Map, List, ArrayList and HashMap are now referred to as raw types because the versions in Java 1.5 and above have one or more type parameters. These type parameters can be used to tell us what is stored inside the collection. We should be using Map<K,V>, List<T>, ArrayList<T> and HashMap<K,V>, the parameterized types. The type parameters, (K, V and T in this case) can be used in methods to specify that the type of an argument or return value depends on the type given when the collection is created. Thus, Map<K,V> has:

V put(K key, V value)

as opposed to:

Object put(Object key, Object value)

K is the type of key used for the map, and V is the value. In our original example, our Map should be replaced with Map<String,Value> because it maps keys of type String to values of type Value. The main advantage of using these is you no longer need to cast elements when they are returned from the collection. So a get call on a List<T> or Map<K,V> returns a value of type T or V respectively, not simply an Object which has to be cast manually by the user. In reality, backwards compatibility means these casts are still being inserted by the compiler, but for it to do this it must have been determined to be safe to do so.

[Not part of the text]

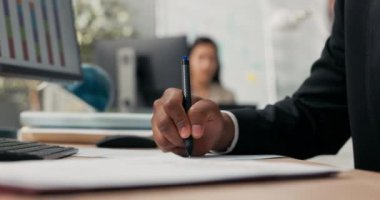 Koyu tenli bir adamın elinde kalem tutarken, belgeleri imzalarken, başvuru formu doldururken, siyah takım elbise kelepçelerken, ofis sahnesinde, patron, yönetici, iş adamı izin verirken,.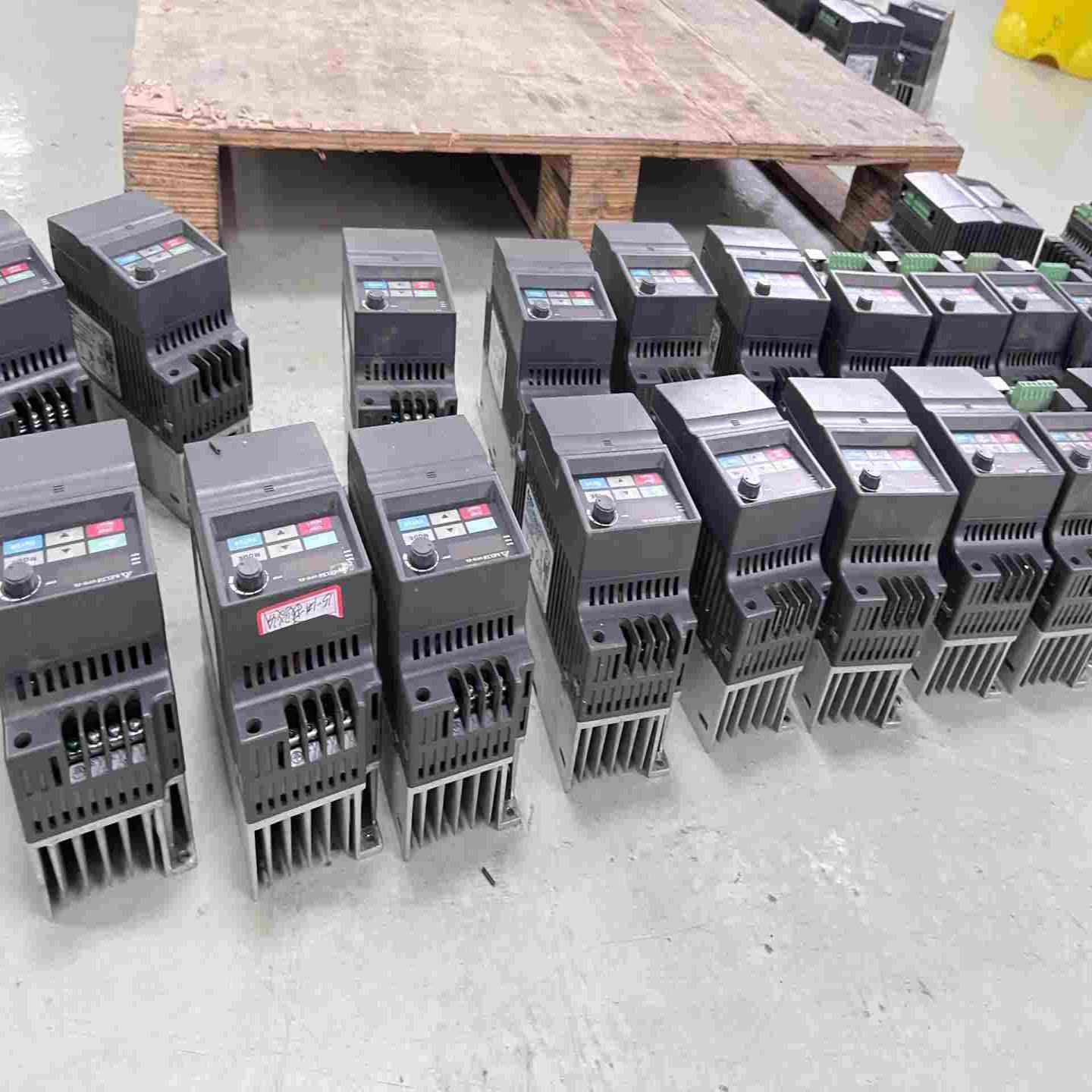 咨询-台达变频器VFD004EL43A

So how do we clean up these warnings? It means going through the code and adding appropriate type parameters to our collections. This isn’t always as easy as it sounds. In some cases, the collection will only be used with one type so it’s simply a matter of determining what that is (usually by looking for the casts when objects are retrieved from the collection — these casts can soon be removed). However, because raw collections take Objects as input, there can be a mix of types so a common supertype has to be found.

In some cases, this has to be Object. So, you may think, what’s the point of turning Map into Map<Object,Object>? Surely they are the same thing. No they’re not, and this is one of the more interesting aspects of collections and one you’ll especially come across when you have to deal with using a raw collection coming from legacy code without generating unchecked warnings. Map the raw type is actually equivalent to Map<?,?>, where ? represents a wildcard. Wildcards allow the use of existential types; instead of having a strict instantiation of a type parameter, we can refer to any type within certain bounds. By default, a wildcard has an upper bound of Object and a lower bound of null i.e. Map<?,?> is the same as Map<? extends Object super null, ? extends Object super null>. What does this say in English? It says that the keys and values of the map are of some type that extends Object but we don’t know exactly what. In contrast, Map<Object,Object> says that the keys and values must be Objects.

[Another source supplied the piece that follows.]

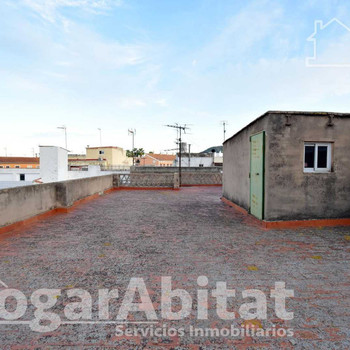 GROSSES ECK-HAUS IM DORF MIT ABSTELLRAUM UND TERRASSE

We don’t want to work with wildcard types practically because we can’t have variables of type ?. Instead, we use them when importing and exporting from parameterized types. For example, to import objects from a collection, addAll is not defined as:

void addAll(Collection<T> t)

because doing so would mean that we can only take objects from collections of exactly the same type. Instead, we want to also allow collections of some subtype. For example, a collection of Objects should be allowed to be filled from a Collection of Strings. The above signature doesn’t allow this, but:

void addAll(Collection<? extends T> t)

does. This says that the collection from which the elements are to be taken must contain objects of some type which is a subtype of T. A similar example for super is the use of Comparator<? super T>. When we want something that can compare two objects of type T, we can work with both something that can compare two elements of type T but we can also use a more general comparison method that compares some supertype. For example, a Comparator<Object> can be used to compare Strings. In this case, we can’t go the other way; it would be inappropriate to try using a Comparator for Integers to compare general Number instances.

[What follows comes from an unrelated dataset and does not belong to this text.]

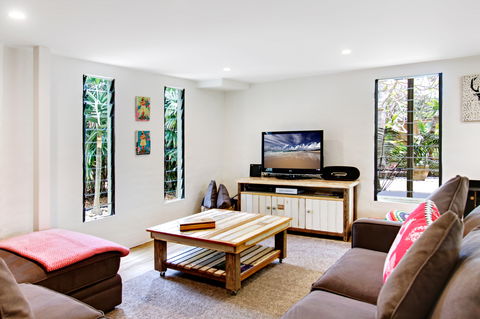 Jimmy's Beach House: Belongil Beach - Accommodation Mount Tamborine 5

The most confusing aspect of dealing with generics is how to handle legacy code where you can’t make the incoming type a parameterized type. Take the following legacy method:

  public List createFruits()
  {
    List x = new ArrayList();
    x.add("Strawberry");
    x.add("Banana");
    x.add("Pineapple");
    return x;
  }

This returns a raw type, List. Now imagine we can’t see the body of the method. All we know is that the method returns a List; we don’t know what is in that list. This is how the compiler sees the method.

We of course know that it contains String objects. So we try and pass it to a method that takes a List<String>:

  public void printList(List<String> l)
  {
    for (String s : l)
      System.out.println(s);
  }

The obvious solution to do this is:

printList(testFruits())

and this will compile, but it produces an unchecked warning:

warning: [unchecked] unchecked conversion
found   : java.util.List
required: java.util.List<java.lang.String>
    printList(createFruits());

So we take the obvious solution to this from the old 1.4 days and cast it:

printList((List<String>) testFruits())

Again, this compiles but we get a different unchecked warning:

warning: [unchecked] unchecked cast
found   : java.util.List
required: java.util.List<java.lang.String>
    printList((List<String>) createFruits());

So we get a warning with the cast, and one without. What do we do?

The answer is to take a step back and think about what this incoming List really is. As we noted before, the equivalent of List in the new 1.5 world is List<?> so:

List<?> l = (List<?>) testFruits();

No warnings, so far so good. This is deemed a safe cast because we are merely telling the compiler to move from the 1.4 to 1.5 version of the same thing. But how do we change this into a List<String>?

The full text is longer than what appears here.